Or I would not be getting my money's worth from this site... Poor, neglected web diary.
I feel like I need to acknowledge all the change that's been going on.
It feels like another year has crept up, tapped me on the shoulder, danced all around me like a kid with ADHD, slapped me across the face and left in a huff.
We spent the 2009/2010 festive season in Salva's home town in the south of italy... the land where our place is. We spent New years eve eve getting sand in our boots, wrapped in our jackets, looking at the moon's reflection on the sea as we talked about choosing each other as co-parents. Wanting to escape the firecraker-obsessed crazed lunatics that continental Europeans become on New Year's Eve, we took a bottle of red wine, and some take-away pizzas to our empty farm house to welcome 2010. We lit a fire in its enormous stone fireplace and huddled together on a fold out bed while we watched The Sopranos. I think the fire went out shortly after midnight, and we went back to the downstairs bedroom at my mother-in law's at around half twelve, where we lay listening to cheap fireworks until dawn...

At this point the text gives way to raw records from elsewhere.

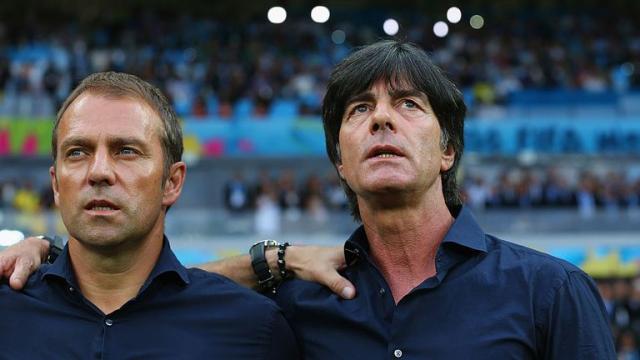 皇冠官网-接替勒夫？弗利克不愿说不，拜仁其实知道他想去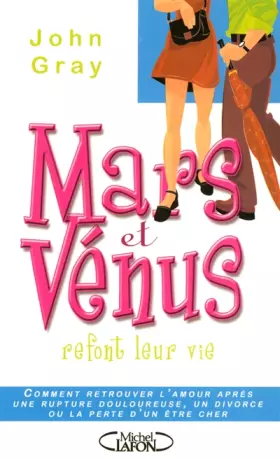 Couverture du produit · Mars et Vénus refont leur vie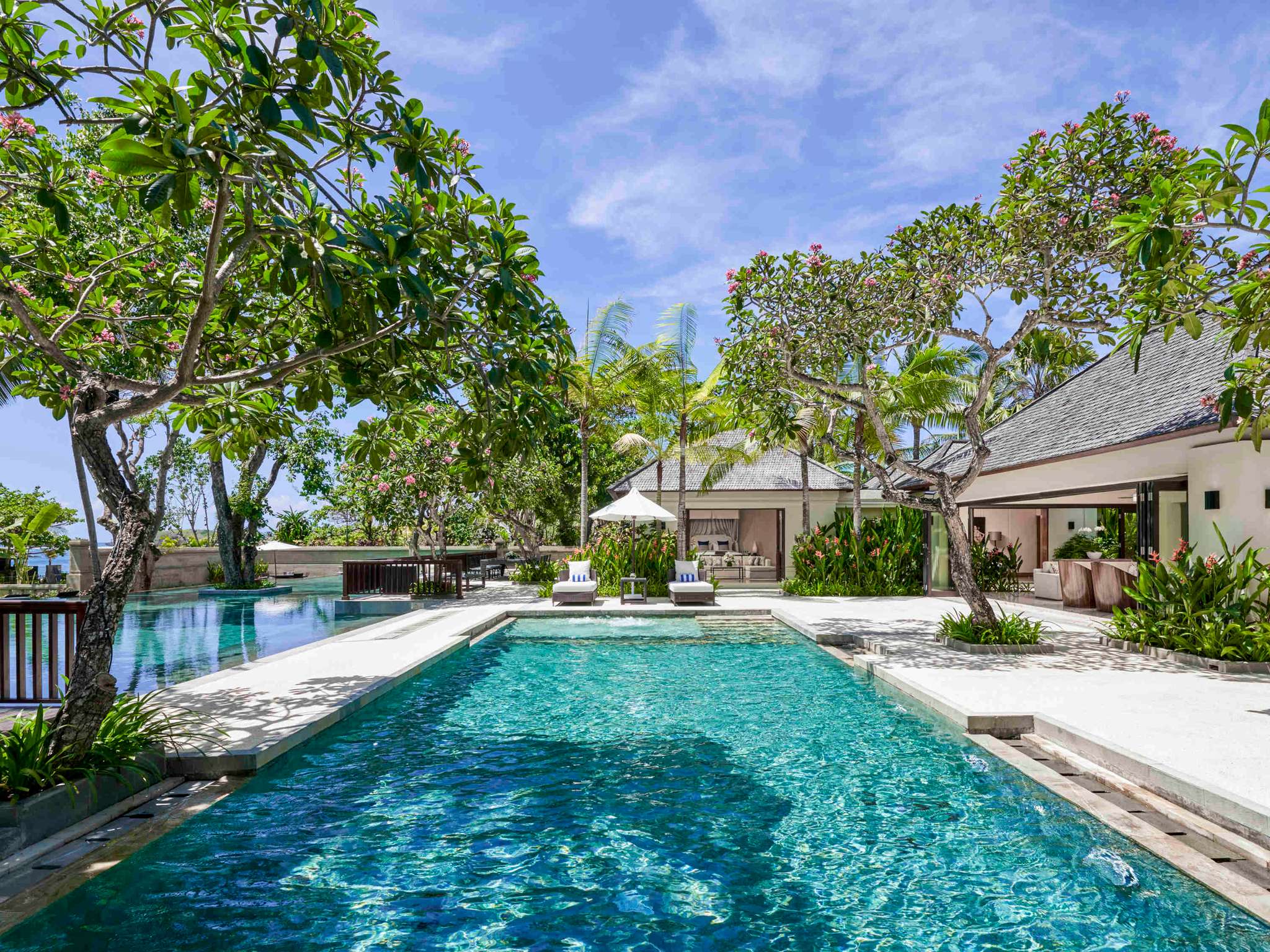 Sofitel Bali Nusa Dua Beach Resort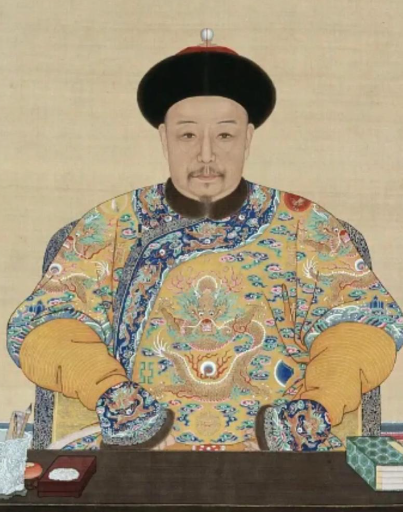 嘉庆之死：雷电疑云下的历史真相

This year we had dinner with friends, came home soon after midnight, and were again consistently woken by cheap firecrackers until dawn. We were even working our way through the first season of Boardwalk Empire. Anyway. I guess what I want to say is, while so much changes, so much stays the same. Like our love for HBO and mafia dramas.
I don't like to complain about time going too fast. There is some part of me that feels that if it is, it's my fault somehow. But this is a strange season for me. I celebrate-and I use the term loosely-the beginning of the new calendar year every 1st of January, and then a new year on earth a week later on my birthday. This year 2011, my 25th year and my first baby's life outside of my own body will all begin within 2 months of each other. So many changes in the air. So much happening. I can't even think about it because I'm concentrating on my breathing.
Then there is my body that has swollen and morphed into something I can hardly recognise myself in. I love being pregnant. I do. I love the mystery and the early, secret connection with this girl. But I in no way expected the strange moments. The achey-ness and not remembering what I look like without this big round belly that I can't keep my hands off. One of the strangest feelings I have is the one that I'm going to really miss this.
Salva is preparing the recording of AzzBand's first cd for next week. We are preparing a concert for Thursday night, another for next Saturday night, and will spend the weekend recording. My last concerts with this one inside.
I am madly trying to put together an arty project I have in store for September, October, knowing my time is limited. Business cards. Web site. Emailing. Still thinking about starting my masters at around the same time. Maybe I can do it all if I do all the organising now.
I am a half-hearted nester. I've been sewing cloth nappies from old towels while sipping cup after cup of rooibos tea.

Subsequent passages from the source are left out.